There are some key elements to pay attention to when designing an information intervention.

  • Making information stand out: Information has to be provided in a way that captures people’s attention. Faced with complex problems and limited attention spans, people often ignore valuable information, and benefit from summaries highlighting key relationships (Hanna et al. 2013). Information interventions may thus fail to improve outcomes if the information they provide is not absorbed by programme participants.
  • Certification is useful: Information is not always trusted. For example, in a recent trial in South Africa, providing jobseekers with certified skills assessments substantially improved employment and earnings, while giving jobseekers the same information without a formal certificate did not 8(Carranza et al. 2018). This suggests that even if jobseekers are aware of their skills, they may not be able to credibly signal these skills to potential employers.
  • People might ignore the new information if it threatens their self-esteem: There is growing evidence that people interpret information in ways that help them maintain a positive image of themselves. For example, Mobius et al. (2011) use performance on an IQ test to show that people will change their self-assessment too much when told they likely did well, and too little when told they likely did not do well. The same subjects do much better at this “belief updating” when their self-esteem is not at stake. In a labour market context, providing information about one’s skills or job prospects is likely to generate a similar type of behaviour.
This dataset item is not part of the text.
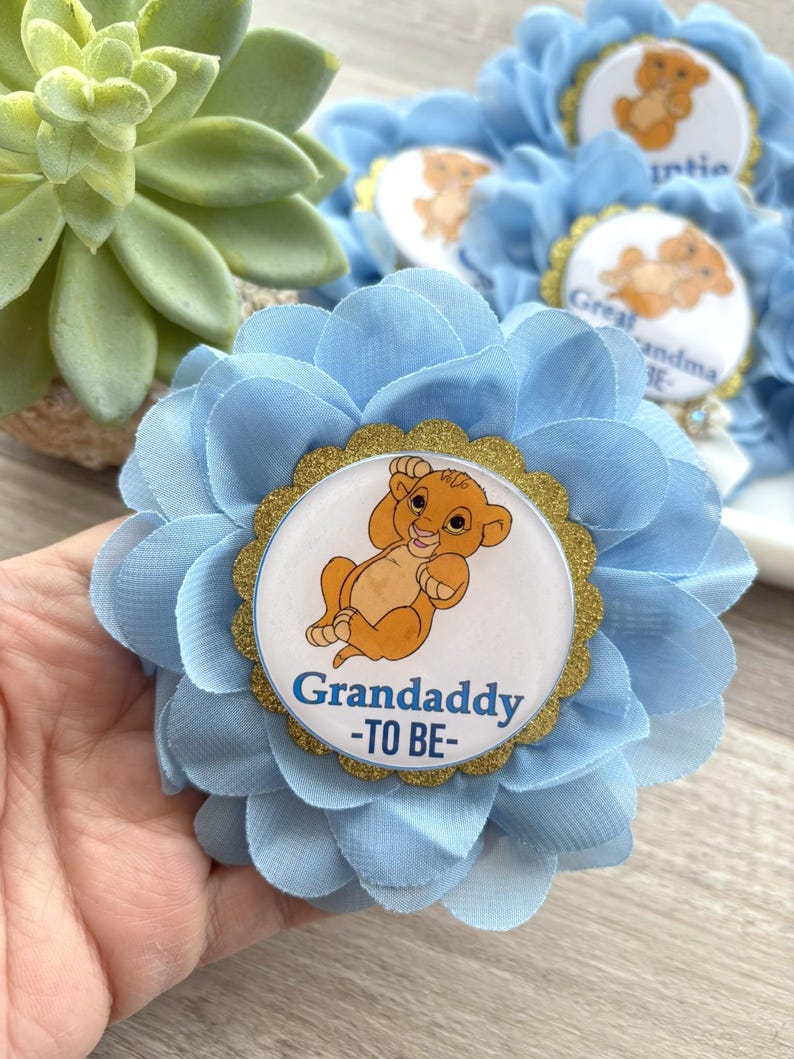 Pu&ograve; includere: Fiore di tessuto azzurro con un centro dorato raffigurante un cucciolo di leone dei cartoni animati e la scritta "Grandaddy -TO BE-". Il fiore ha pi&ugrave; strati di petali ed &egrave; probabilmente un oggetto decorativo per un baby shower.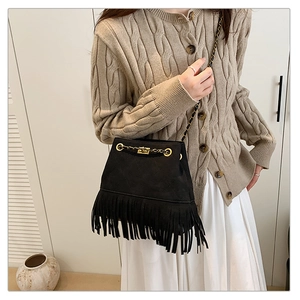 Close-up of black fringe bucket bag with gold chain strap and suede-like texture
Hence information provision is likely to work better if it is framed in terms of “good news” that does not threaten jobseekers’ self-image. Affirming the jobseekers’ self-worth (such as giving them positive information on other skills) can also help accurate processing (Cohen et al. 2000).

A woman looks at a poster advertising jobs on the street, Addis Ababa, Ethiopia. (Photo by In Pictures Ltd./Corbis via Getty Images)


  • 8 Effects in the ‘private’ treatment (without the certificate) were always smaller than the ‘public’ treatment (with certificate), and often statistically so.